* [To do]:
The line containing "BOMAG BW 161" marks the end; return exactly every line from the start of the records up to and including it, but no pictures.

Web page caption snippets:
▬▬▬

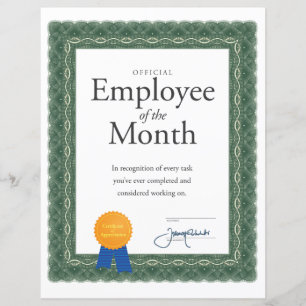 Empregado do certificado do mês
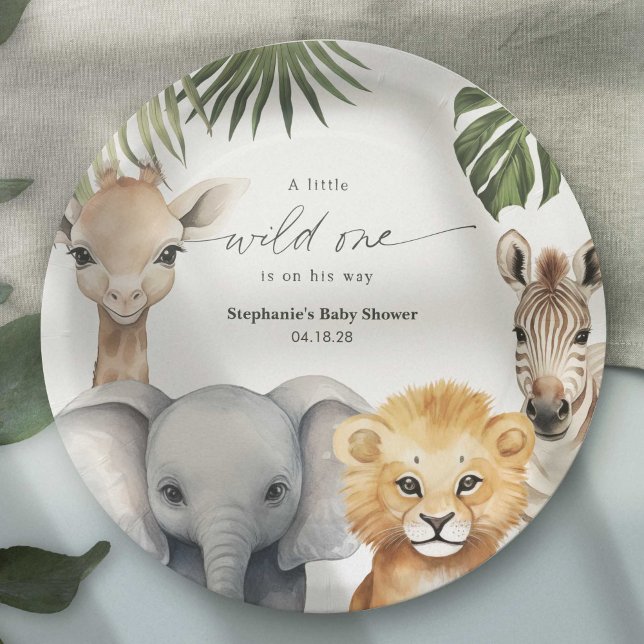 Little Wild One Safari Animals Baby Boy Shower Paper Plates (A little Wild One is on her way, Safari animal baby boy shower party paper plates.)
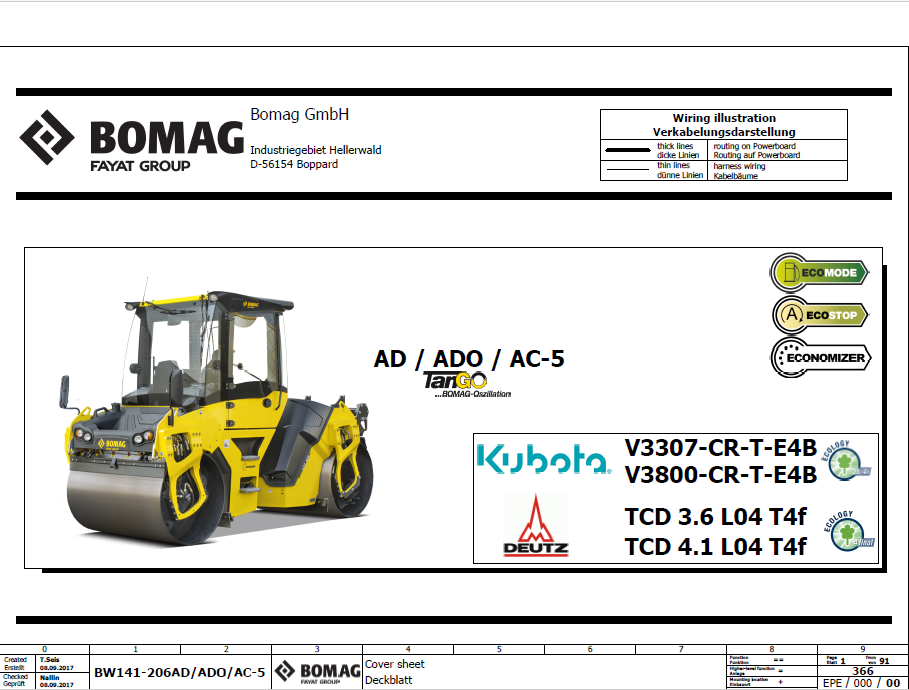 BOMAG BW 161 AD-5 Tier 4 Tandem Vibratory Roller Electric & Hydraulic Schematic Diagram Manual (SN: 101921501001 - 101921509999)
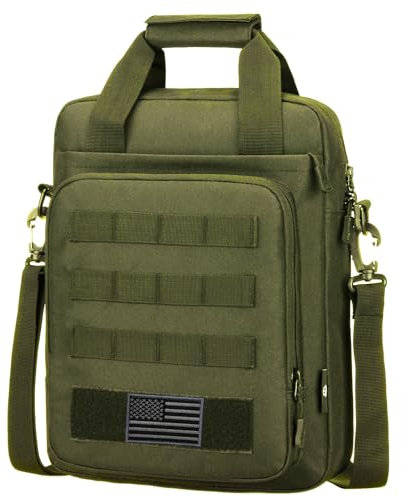 ZHIERNA Taktische Kuriertasche, taktische Aktentasche, Laptoptasche, strapazierfähig, MOLLE-Schultertasche, Handtasche für Herren (Patch im Lieferumfang enthalten), Grün (Army Green), 10.6 x 5.1 x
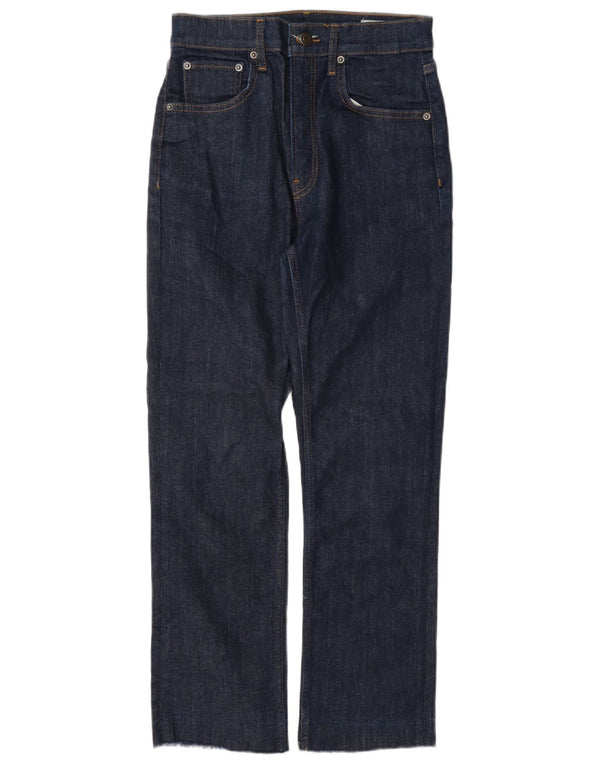 Zara Vaqueros recortados de cintura alta para mujer EU 38 Small W28 L26 Azul marino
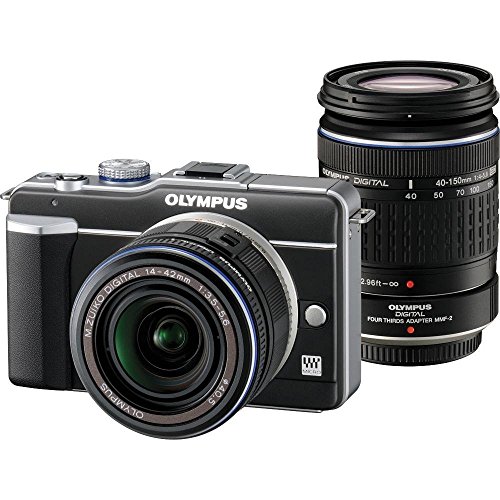 Olympus PEN E-PL1 12.3MP Live MOS Micro Four Thirds Interchangeable Lens Digital Camera with 14-42mm f/3.5-5.6 Zuiko Digital Zoom Lens & Olympus M.Zuiko Digital ED 40-150mm f/4.0-5.6 Lens (Black)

▬▬▬

* [The answer]:
 Empregado do certificado do mês
 Little Wild One Safari Animals Baby Boy Shower Paper Plates (A little Wild One is on her way, Safari animal baby boy shower party paper plates.)
 BOMAG BW 161 AD-5 Tier 4 Tandem Vibratory Roller Electric & Hydraulic Schematic Diagram Manual (SN: 101921501001 - 101921509999)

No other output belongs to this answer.